Matteo PallaMatteo Palla – Ha solamente 28 anni ed ha permesso di abbassare la media d’età del CdA. Coordina un servizio dell’area Minori per una parte del suo orario, nell’altra fa l’educatore. Quando si è presentato ha detto che voleva “fare una nuova esperienza, volta anche a conoscere più a fondo la Cooperativa, i suoi diversi ambiti e la sua organizzazione”. Da giocatore di pallacanestro è abituato a giocare in squadra ed applicare gli “schemi di gioco”.

 

Definisci la Cooperativa Itaca con una parola, una frase, uno slogan, un’immagine…

Nency – Mi viene in mente una canzone che mi piace molto: Talkin’Bout a Revolution di Tracy Chapman, una canzone impegnata, ma allo stesso tempo fresca, il cui testo parla di difficoltà delle persone e annuncia una rivoluzione che risuona come un sussurro, e che porterà ad avere ciò che spetta ad ognuno. Rivoluzione interpretata come cambiamento ed opportunità possibili che sono quelle che offriamo nel nostro lavoro.

Matteo – Una nave, a suo modo maestosa. Per cui attenzione ad inchini, iceberg e navi svedesi che sbucano dalla nebbia.

 

A cosa non rinunceresti mai?

Nency – Non rinuncerei al Con-Tatto verbale, oculare, emotivo, fisico, empatico… inteso come scambio di valori e qualità dell’esistere. Fondamentale sia nel contesto lavorativo che personale per creare legami sinceri.

Matteo – All’ironia.

 

Cosa potremmo fare di più e meglio?

Nency – In questo momento storico è difficile fare qualcosa in più, forse è il momento di trovare un modo funzionale a tutti per mantenere le opportunità che già ci sono.

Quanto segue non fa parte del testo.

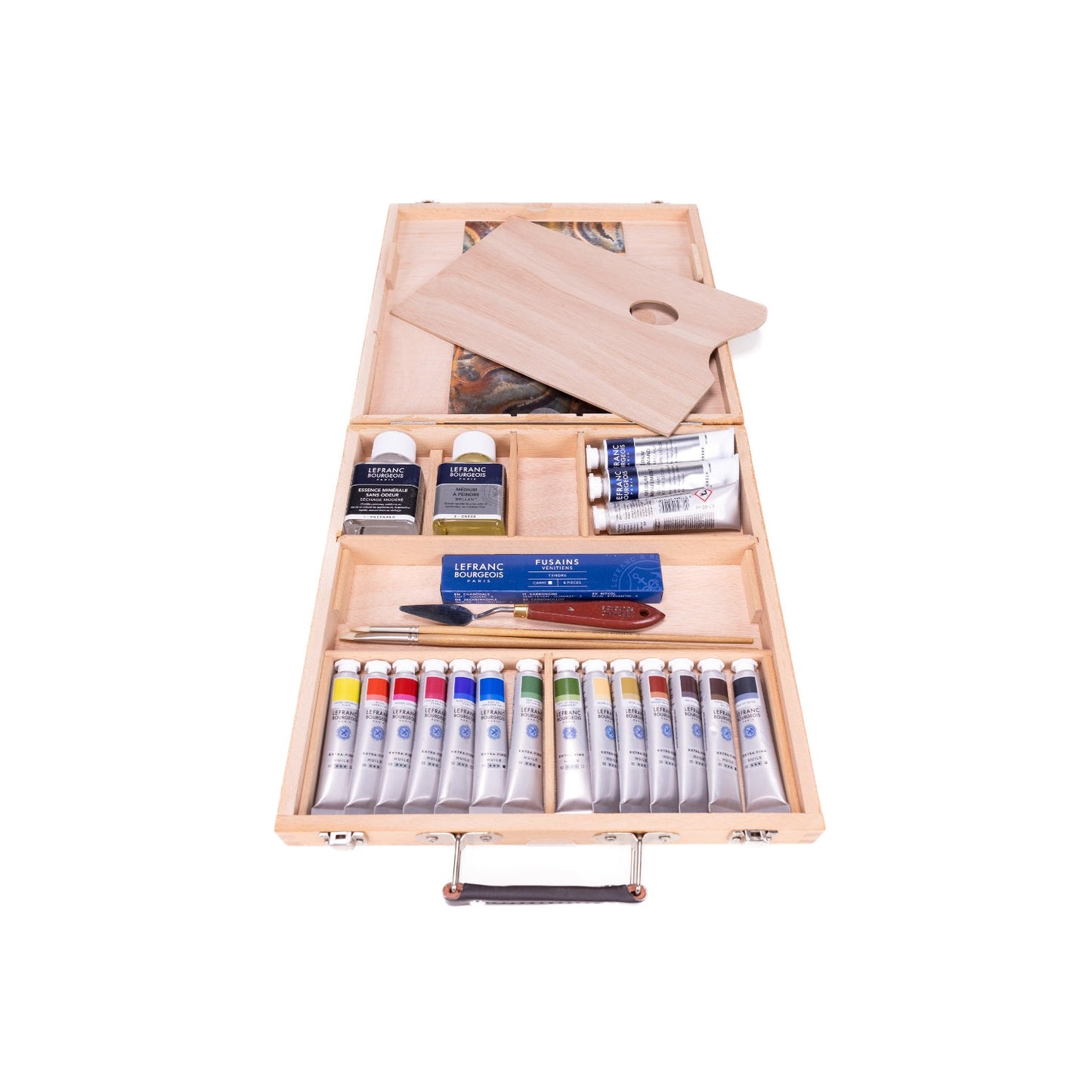 LEFRANC BOURGEOIS  Geschenk-Box im Holzkoffer - exklusives Künstler Ölmal-Set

Matteo – Volare più alto, trasmettere un più profondo senso di appartenenza alla cooperativa, ma mi accontenterei se riuscissimo anche solo a controllare meglio gli “accessori” prima di acquistare autovetture di seconda mano: l’ultima volta il “tesoro” è stato un preservativo molto ben occultato…

 

Hai la possibilità di inventare qualcosa: che cosa?

Nency – Dal punto di vista della tecnologia oggi siamo circondati da ogni bene che ci facilita la vita quotidiana; unica cosa mancante e se potessi la inventerei… il teletrasporto, per ovviare alle grandi distanze ed alla lontananza.

Matteo – La macchina del tempo, come quella che portava Topolino in un luogo ed in un momento preciso: potrebbe essere un turismo particolarmente educativo.

 

Fai un augurio alla Cooperativa Itaca nella tua lingua (poi – per cortesia – traducilo)

Nency – Sono nata in Venezuela, quando sono arrivata in Italia, parlavo solo il friulano e lo spagnolo, che ho trascurato per imparare l’italiano, ma la trovo una lingua molto armoniosa. L’augurio è una poesia di Pablo Neruda, augurando felicità a tutti.

Esta vez dejadme ser feliz,
nada ha pasado a nadie,
no estoy en parte alguna,
succede solamente que soy feliz,
por los cuatro costados del corazon,
andando durmiendo o escribendo
què voy a tacerle, soy feliz.
 
Questa volta lasciate che sia felice
Non è successo nulla a nessuno,
non sono da nessuna parte,
succede solo che sono felice
fino all’ultimo profondo angolino del cuore
camminando, dormendo o scrivendo,
che posso farci, sono felice.
MatteoCa tu podis continuâ a iudâ tante int, sie che la lavori jei part te, sie che tu lavoris tu par jei. Che possa continuare ad aiutare molte persone, siano esse lavoratori/lavoratrici o persone che usufruiscono del nostro servizio.